═══ DATA FOR PROCESSING

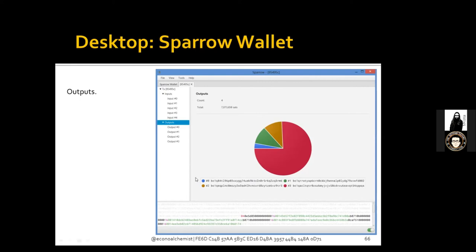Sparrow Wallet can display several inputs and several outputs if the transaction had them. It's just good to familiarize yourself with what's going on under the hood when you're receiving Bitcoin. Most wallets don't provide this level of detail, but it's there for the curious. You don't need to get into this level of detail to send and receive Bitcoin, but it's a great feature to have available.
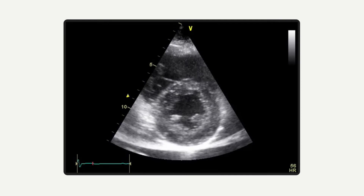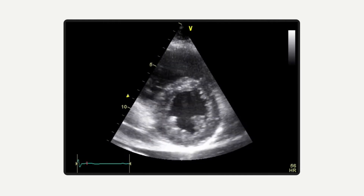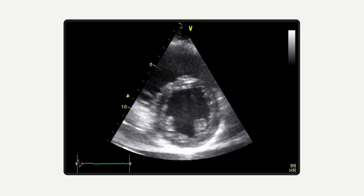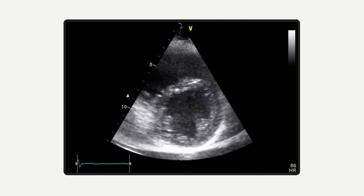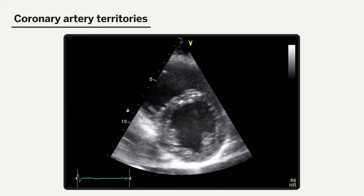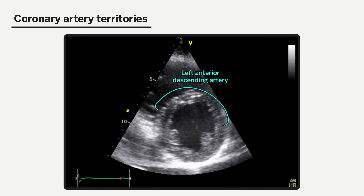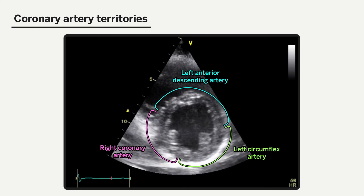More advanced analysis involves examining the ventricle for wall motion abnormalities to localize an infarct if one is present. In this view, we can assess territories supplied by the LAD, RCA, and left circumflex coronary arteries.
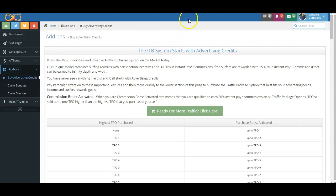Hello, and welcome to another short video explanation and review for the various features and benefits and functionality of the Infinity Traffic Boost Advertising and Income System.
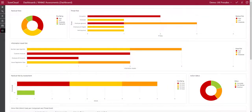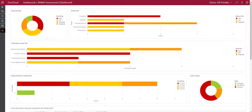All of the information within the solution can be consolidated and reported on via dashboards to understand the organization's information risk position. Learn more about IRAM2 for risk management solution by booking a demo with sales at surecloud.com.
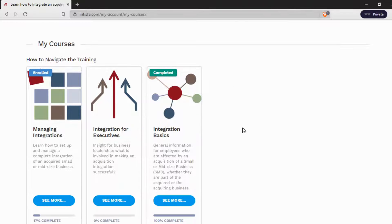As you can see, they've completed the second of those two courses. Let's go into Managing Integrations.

══════
═══ DATA FOR PROCESSING

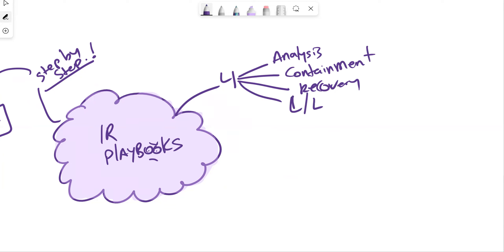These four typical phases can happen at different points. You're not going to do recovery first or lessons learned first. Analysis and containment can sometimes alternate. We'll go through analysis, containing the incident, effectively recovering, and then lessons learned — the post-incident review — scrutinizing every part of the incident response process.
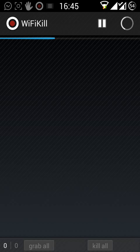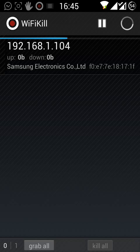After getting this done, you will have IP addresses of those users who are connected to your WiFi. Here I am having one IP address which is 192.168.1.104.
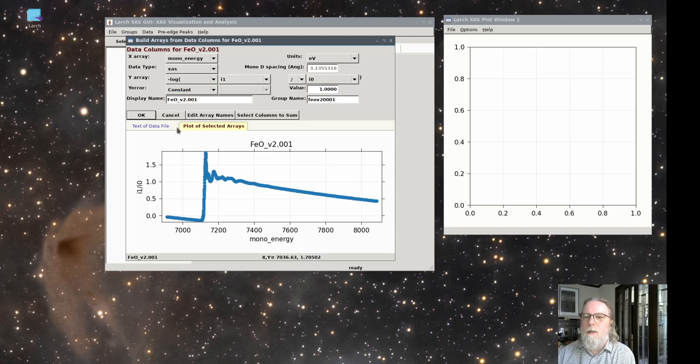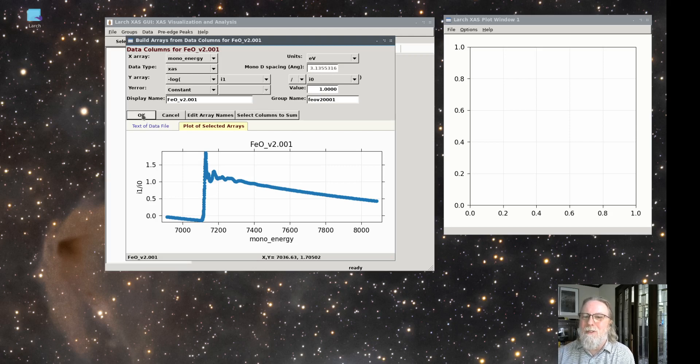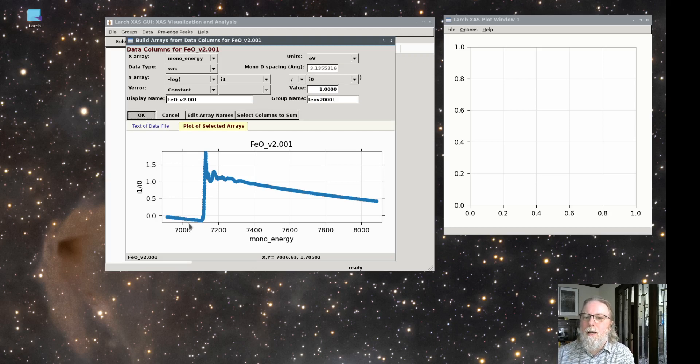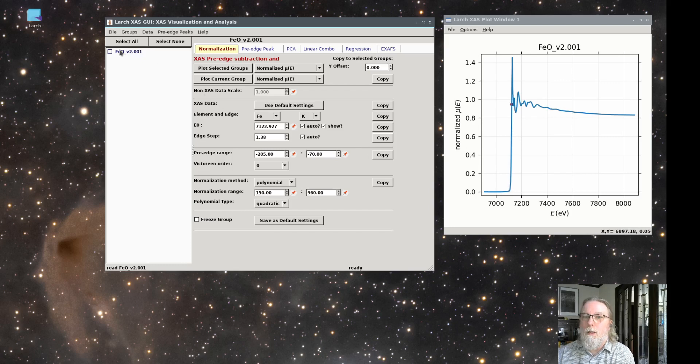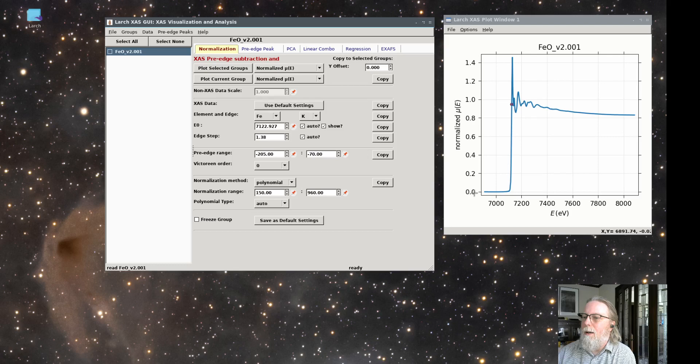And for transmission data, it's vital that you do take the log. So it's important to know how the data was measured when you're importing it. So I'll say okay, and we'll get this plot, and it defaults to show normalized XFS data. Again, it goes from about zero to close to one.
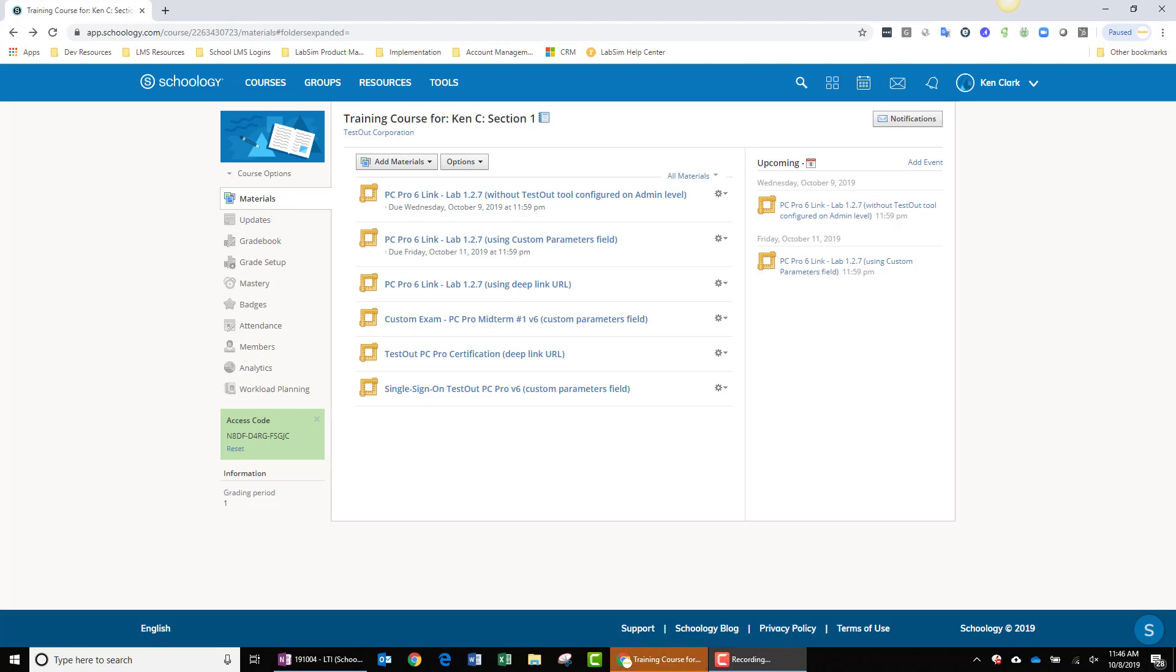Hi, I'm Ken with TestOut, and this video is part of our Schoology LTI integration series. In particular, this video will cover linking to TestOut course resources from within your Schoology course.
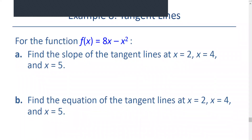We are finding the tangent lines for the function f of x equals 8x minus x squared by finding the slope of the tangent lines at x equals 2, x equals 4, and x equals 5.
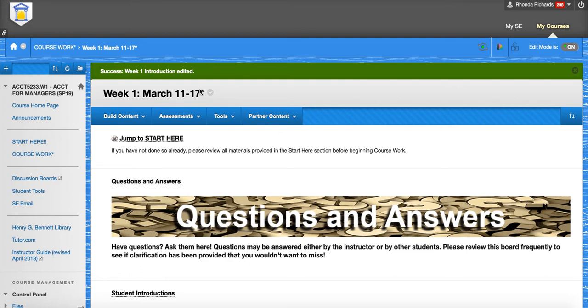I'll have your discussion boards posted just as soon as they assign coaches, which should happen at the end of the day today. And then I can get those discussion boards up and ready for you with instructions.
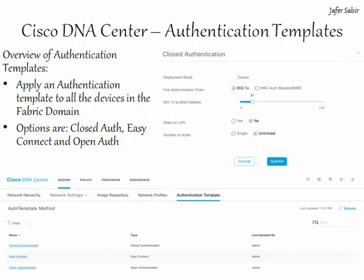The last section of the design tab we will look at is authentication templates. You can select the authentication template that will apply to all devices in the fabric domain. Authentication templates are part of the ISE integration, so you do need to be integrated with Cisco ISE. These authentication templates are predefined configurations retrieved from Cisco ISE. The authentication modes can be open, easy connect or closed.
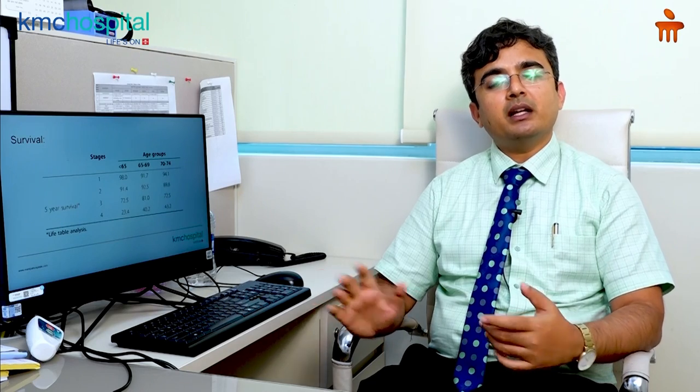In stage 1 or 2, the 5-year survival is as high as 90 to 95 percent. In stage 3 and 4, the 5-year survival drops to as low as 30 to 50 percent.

══════

WHAT IS REQUIRED: Copy only the lines above from the one containing "Sparrow Wallet can" through the one containing "Hello, and welcome", both included. Leave out the pictures.

REPLY TO THE TASK:
Sparrow Wallet can display several inputs and several outputs if the transaction had them. It's just good to familiarize yourself with what's going on under the hood when you're receiving Bitcoin. Most wallets don't provide this level of detail, but it's there for the curious. You don't need to get into this level of detail to send and receive Bitcoin, but it's a great feature to have available.
More advanced analysis involves examining the ventricle for wall motion abnormalities to localize an infarct if one is present. In this view, we can assess territories supplied by the LAD, RCA, and left circumflex coronary arteries.
Hello, and welcome to another short video explanation and review for the various features and benefits and functionality of the Infinity Traffic Boost Advertising and Income System.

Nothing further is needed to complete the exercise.